China coal-fired power generation falls in 2025 as renewables outpace demand growth

Monday, February 16 2026 - 10:55 AM WIB

By Romel S. Gurky

China’s coal-fired power generation fell 1.9% in 2025, marking its first annual decline since 2015 as non-fossil generation met rising electricity demand, consultancy Wood Mackenzie said in a report.

Power demand rose 5% in 2025, or 494 terawatt hours, but incremental demand was supplied by carbon-free sources including wind, solar, nuclear and hydro rather than coal.

China’s wind and solar capacity has expanded more than tenfold over the past decade to 1,842 gigawatts, supported by steep declines in generation costs. Since 2015, levelized costs of energy for utility-scale solar and onshore wind have fallen 77% and 73%, respectively, Wood Mackenzie said.

Nuclear capacity increased to 62 GW from 27 GW in 2015, while combined nuclear and hydro capacity now totals 445 GW. China has also deployed 340 GW of inter-regional transmission capacity to connect renewable resources in western and northern regions to major demand centres in the east and south.

Read also : China could lift coal output this year amid Indonesian curbs

Coal plant utilisation rates have declined steadily, with capacity factors falling from 60% in 2011 to 52% in 2024 and 48.2% in 2025. Wood Mackenzie expects utilisation to drop further to 32% by 2035 as parts of the fleet transition to reserve status.

Coal plants are increasingly shifting from baseload power suppliers to providers of flexibility to balance variable renewable generation. Around 600 GW of coal capacity has undergone flexibility retrofits, the report said.

Sharon Feng, senior research analyst at Wood Mackenzie, said the 2025 decline suggests China’s power sector carbon emissions may have peaked in 2024, though she cautioned that coal generation could remain on an “undulating plateau” in coming years.
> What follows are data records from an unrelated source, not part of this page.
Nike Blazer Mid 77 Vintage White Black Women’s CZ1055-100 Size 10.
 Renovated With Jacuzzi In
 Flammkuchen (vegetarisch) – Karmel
Uncertainty remains over future power demand growth, extreme weather risks, renewable investment trends and grid resilience. Rapid expansion of artificial intelligence and data centres could drive additional electricity demand. Wood Mackenzie estimates China’s data centre capacity will reach 78 GW by 2030, up 105% from 38 GW in 2024, potentially sustaining reliance on existing coal-fired plants to ensure grid reliability.